On 2018-05-14 01:21, songbird wrote:
> Pascal Hambourg wrote:
> ...
>> I agree with the author. If you want to keep the existing EFI Windows 
>> installation and have a convenient dual boot with GRUB, you'll have to 
>> set up your favourite distribution to boot in EFI mode. If you want to 
>> go back to legacy boot, including for Windows, you'll have to 
>> repartition the disk to MSDOS format and reinstall Windows.
>   all i know is that if your bios doesn't boot in
> UEFI mode and you don't know anything about what this
> means you can end up installing Debian without UEFI
> support and then it can be rather fun to get it back.
>
>   i managed to have grub do an install to a stable
> partition without UEFI and i messed up the testing
> setup i had.  it took me some while to figure out
> what went wrong and how to fix it.  if you don't
> really understand grub rescue commands and there
> isn't a working system you can use to connect and
> find help for the commands you need to enter it's
> very frustrating.
>
>   the Debian UEFI pages helped a great deal but 
> there were other things i had to figure out coming in
> cold to UEFI.
>
>   how to create a /boot/efi partition, what goes in 
> it, mounting it, clearing and putting in new efibootmgr 
> entries, etc.
>
>   refind was useful and at least it does what i expect
> it to do.  grub, i dislike how it assumed things i
> didn't want to do.  alas, i didn't know how different
> UEFI was from bios mode.
>
>   i still haven't redone my efibootmgr entries but
> refind doesn't care, i can create custom entries in
> that config file and they work that is all i really
> need at this point.
>
>
>   songbird
>
Hmm, do you have any useful references?

I got a new Dell computer, shrunk the existing partitions down and
successfully installed grub2 and got a windows10/Linux multi boot using
grub.
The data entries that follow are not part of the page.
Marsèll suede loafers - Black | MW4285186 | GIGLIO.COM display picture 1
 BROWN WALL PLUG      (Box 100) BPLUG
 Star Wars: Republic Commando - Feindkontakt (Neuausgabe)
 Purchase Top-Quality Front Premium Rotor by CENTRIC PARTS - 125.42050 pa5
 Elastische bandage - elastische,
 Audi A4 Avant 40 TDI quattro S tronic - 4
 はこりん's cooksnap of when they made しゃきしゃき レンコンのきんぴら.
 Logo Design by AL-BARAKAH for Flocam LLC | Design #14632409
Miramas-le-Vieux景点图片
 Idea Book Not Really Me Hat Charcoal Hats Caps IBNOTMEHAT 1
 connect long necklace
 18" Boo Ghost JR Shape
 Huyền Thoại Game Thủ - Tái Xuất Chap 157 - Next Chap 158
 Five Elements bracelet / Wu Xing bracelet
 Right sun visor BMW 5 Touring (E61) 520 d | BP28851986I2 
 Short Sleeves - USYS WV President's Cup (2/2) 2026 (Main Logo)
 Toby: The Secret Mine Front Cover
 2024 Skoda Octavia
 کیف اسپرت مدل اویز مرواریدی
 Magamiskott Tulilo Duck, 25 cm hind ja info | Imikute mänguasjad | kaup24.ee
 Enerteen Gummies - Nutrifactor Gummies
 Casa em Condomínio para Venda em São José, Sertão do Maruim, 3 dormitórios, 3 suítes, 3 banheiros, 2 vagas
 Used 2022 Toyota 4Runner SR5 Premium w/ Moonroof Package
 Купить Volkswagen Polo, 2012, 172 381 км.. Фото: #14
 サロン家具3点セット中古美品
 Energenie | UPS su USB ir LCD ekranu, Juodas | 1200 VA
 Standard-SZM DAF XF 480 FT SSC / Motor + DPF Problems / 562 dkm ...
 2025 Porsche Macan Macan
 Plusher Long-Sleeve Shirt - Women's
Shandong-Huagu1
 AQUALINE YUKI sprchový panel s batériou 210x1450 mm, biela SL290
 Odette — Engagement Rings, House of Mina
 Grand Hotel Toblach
Then later I tried to upgrade my Linux and soon found that I was
getting error messages about grub not being able to find necessary
features on the boot device.

I tried to rebuild it with a clean install of Windows 10, reasoning that
if I could get it back to the original configuration, I could repeat the
original exercise. But alas, no, it remains stubbornly unable to install
grub2 alongside the windows bootloader. I got it to a state where I
could use the BIOS POST boot screen to choose a boot option, but this
wasn't the original successful arrangement where grub offered me the
Linux/windows loader choice.

I gave up, wiped windows and went through with a clean Linux install. I
don't really want windows that much, but it irks me that I haven't been
able to fathom out how to return to the original state in which it was
shipped. Your words hint at many things I became vaguely aware of but
totally failed to grasp. The other posters to this thread have at least
reassured me that it isn't easy or trivial to get right.